Я ожидал боли, но ее не было. Руку словно пронзило разрядом тока. А потом я увидел, как от моего предплечья отделяется отрубленная кисть вместе с диском, в который превратился браслет, когда его клинки сошлись в одной точке словно шторки объектива. И как далеко плеснула кровь из обрубка, обрызгав стену и пол.
«Надо же, красная, — пронеслась мысль в голове. — Как у человека…»
Действовать я старался максимально быстро, так как, если поддаться шоку — всё, можно считать, что без руки остался. Второй браслет на правом запястье вибрировал очень серьезно, того и гляди вторую руку оттяпает. Потому двигаться приходилось не просто быстро, но и аккуратно, чтобы рукав пиджака не выскочил из-под белого червя, обвившего моё запястье, и чтоб случайно на него не попала ни одна капля крови, хлещущей из раны.

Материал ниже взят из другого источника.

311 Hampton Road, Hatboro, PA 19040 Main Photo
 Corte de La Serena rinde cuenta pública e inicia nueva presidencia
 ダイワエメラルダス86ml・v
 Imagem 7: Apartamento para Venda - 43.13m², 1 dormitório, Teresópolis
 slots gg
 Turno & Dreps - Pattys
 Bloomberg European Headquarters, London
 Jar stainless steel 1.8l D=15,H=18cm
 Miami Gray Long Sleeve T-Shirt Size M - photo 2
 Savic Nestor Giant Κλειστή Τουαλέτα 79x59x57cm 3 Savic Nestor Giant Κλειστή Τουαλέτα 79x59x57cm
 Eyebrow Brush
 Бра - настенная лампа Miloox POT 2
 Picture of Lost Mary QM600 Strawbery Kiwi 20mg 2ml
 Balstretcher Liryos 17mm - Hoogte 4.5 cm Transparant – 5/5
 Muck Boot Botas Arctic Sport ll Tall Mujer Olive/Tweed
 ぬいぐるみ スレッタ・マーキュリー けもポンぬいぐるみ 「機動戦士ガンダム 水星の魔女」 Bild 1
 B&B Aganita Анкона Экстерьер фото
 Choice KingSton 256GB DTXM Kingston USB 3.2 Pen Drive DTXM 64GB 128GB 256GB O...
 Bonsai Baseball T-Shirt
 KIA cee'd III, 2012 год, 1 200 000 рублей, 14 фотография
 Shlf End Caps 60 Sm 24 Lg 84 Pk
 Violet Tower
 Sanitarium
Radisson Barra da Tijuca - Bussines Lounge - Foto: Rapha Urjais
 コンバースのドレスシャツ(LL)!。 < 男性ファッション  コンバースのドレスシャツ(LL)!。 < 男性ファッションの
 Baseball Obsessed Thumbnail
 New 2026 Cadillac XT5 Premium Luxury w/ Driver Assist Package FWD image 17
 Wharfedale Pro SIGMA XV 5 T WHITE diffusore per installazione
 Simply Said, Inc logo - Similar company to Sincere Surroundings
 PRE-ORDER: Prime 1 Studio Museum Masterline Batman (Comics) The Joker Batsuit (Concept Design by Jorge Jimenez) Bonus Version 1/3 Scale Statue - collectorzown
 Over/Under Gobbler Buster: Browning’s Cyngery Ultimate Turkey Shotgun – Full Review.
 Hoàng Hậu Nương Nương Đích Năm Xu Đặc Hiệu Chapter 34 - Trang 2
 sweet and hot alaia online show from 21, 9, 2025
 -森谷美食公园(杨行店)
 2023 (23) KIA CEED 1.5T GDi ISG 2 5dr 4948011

Я подхватил кисть с заметно отросшими ногтями, еще не успевшими превратиться в когти, и приставил ее к обрубку.
— Давай, — просипел я голосом севшим от волнения и внезапно пришедшей боли. Такой, что впору просто упасть и помереть на месте. Или отключиться, что в принципе сейчас равносильно смерти. Странно, но эту адскую, непередаваемую боль я почувствовал именно в момент прикосновения моей отрезанной плоти к обрубку.
«Как в жизни, — промелькнула мысль. — Встреча с той, кого оторвал от себя с мясом».
Как всегда в самый критический момент в голову лезут мысли, которые абсолютно не в тему. А между тем девчонка просто смотрела на происходящее расширенными от шока глазами и не двигалась с места.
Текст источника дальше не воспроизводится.